The burgeoning rock scene of the mid-'90s eventually collapsed, imploded in a sense, and nearly every rock 'n' roll club ended up closing its doors. "Everybody's to blame for that time period. It was an adolescent scene," explains Adam Matza, former booking, marketing, and PR director for Squeeze. He traces the closing epidemic to several factors, the biggest being a supply-and-demand issue. "[In the mid-'90s] sports bars started doing bands; the number of venues tripled," he says. "It was an embarrassment of [a] wealth of places to play, and the bands started playing too much. It got to a point where people were like, 'I can see them next week, I can see them for free here. Why do I want to pay $5 to see them there?'" So attendance went down, the clubs started losing money, and doors were closed, leaving a gaping hole in Broward County's nightclub scene.

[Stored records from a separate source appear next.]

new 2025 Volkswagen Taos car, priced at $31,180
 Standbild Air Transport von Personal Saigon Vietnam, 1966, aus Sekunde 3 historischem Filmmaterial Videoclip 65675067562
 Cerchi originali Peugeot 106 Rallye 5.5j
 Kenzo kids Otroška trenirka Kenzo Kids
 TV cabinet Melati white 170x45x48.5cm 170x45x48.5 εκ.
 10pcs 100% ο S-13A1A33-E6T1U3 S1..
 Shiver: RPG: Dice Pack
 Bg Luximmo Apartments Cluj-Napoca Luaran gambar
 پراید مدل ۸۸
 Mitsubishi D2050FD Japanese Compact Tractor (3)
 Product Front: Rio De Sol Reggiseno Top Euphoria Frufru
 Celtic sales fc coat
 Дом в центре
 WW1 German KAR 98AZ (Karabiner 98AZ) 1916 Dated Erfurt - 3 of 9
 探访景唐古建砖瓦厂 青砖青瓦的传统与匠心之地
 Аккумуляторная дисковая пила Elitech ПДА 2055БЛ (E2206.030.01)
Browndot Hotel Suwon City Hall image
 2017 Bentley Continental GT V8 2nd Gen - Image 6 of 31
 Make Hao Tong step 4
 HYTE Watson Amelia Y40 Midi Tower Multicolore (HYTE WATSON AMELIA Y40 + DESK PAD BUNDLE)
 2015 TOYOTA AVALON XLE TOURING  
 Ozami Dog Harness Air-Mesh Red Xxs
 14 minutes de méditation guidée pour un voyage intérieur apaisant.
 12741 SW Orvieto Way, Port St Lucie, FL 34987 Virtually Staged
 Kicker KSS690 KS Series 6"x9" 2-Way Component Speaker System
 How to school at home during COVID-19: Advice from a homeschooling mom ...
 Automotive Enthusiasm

That hole may soon be filled. Several new clubs and promoters are bringing rock 'n' roll acts back to local stages, which should enable jonesing rock addicts to get their fixes. Below are brief profiles of three individuals who are attempting to eradicate the rock 'n' roll drought. Each has his or her own modus operandi and motivations, but collectively they're providing the county's rock 'n' roll scene with a diversity that offers the greatest potential for a rejuvenated rock scene.
Francine O'Toole, a garrulous twentysomething imported from New Jersey in 1992, is the rookie of the bunch, having entered the promoting business just three months ago. She's taken the independent tack, promoting local bands at clubs that don't normally host local rockers. "I love music," she says with an enthusiasm that punctuates her conversations. "But the only place I really knew of to see bands before was the Poor House [in Fort Lauderdale]. I just want to change the scene and have everybody communicating with each other so that people see that there are options."
Her interest in promoting began when she met the boys in West Palm Beach aggro outfit Gone Mad. Soon she was working as the band's publicist and booking agent. In early January she talked the owner of Kim's Alley Bar in downtown Fort Lauderdale into taking a crack at hosting locals. The members of Gone Mad built a stage at the bar, and O'Toole threw her first gig. But it wasn't enough. "When I did that show," she says, "I thought, 'There's so many places that these guys could play, I don't understand why there's not shows at all these bars.'"
Putting her adrenaline-fueled mouth to good use, O'Toole continued to book and promote shows for Gone Mad, then added other local acts, such as Endo and Darwin's Waiting Room, to the list of bands she promotes. She's booked shows at Kim's, Roxy in Fort Lauderdale, and Grand Prix Race-O-Rama in Dania Beach. "I just got addicted," she explains.
O'Toole also has mounted a full-on press campaign, which has resulted in local radio appearances by the bands she promotes. "My main goal is to let audiences and bar owners know what's out there," she says. "People want to see music; it's part of everyone's life. I'm only one person, but I'm gonna try my hardest."
(O'Toole's next show features Endo, Darwin's Waiting Room, and Gone Mad at Kim's Alley Bar, 1920 E. Sunrise Blvd., Fort Lauderdale, 954-763-7886, on Saturday, March 27, at 7:30 p.m.)
The Culture Room in Fort Lauderdale is the highest-profile outlet for local rock acts right now. Its owner, Greg Aliferis, is a seasoned veteran of the South Florida music industry, having booked national acts and managed venues in Broward and Miami-Dade counties since the early '80s. Last October he transformed his teen dance club, the Viper Room, into the Culture Room after receiving a long-sought liquor license. After opening, the club began hosting local rockers three nights a week, up to five bands each night, giving nearly any act a chance to play. "I always felt there was a true void there," Aliferis says of the limited number of rock venues available.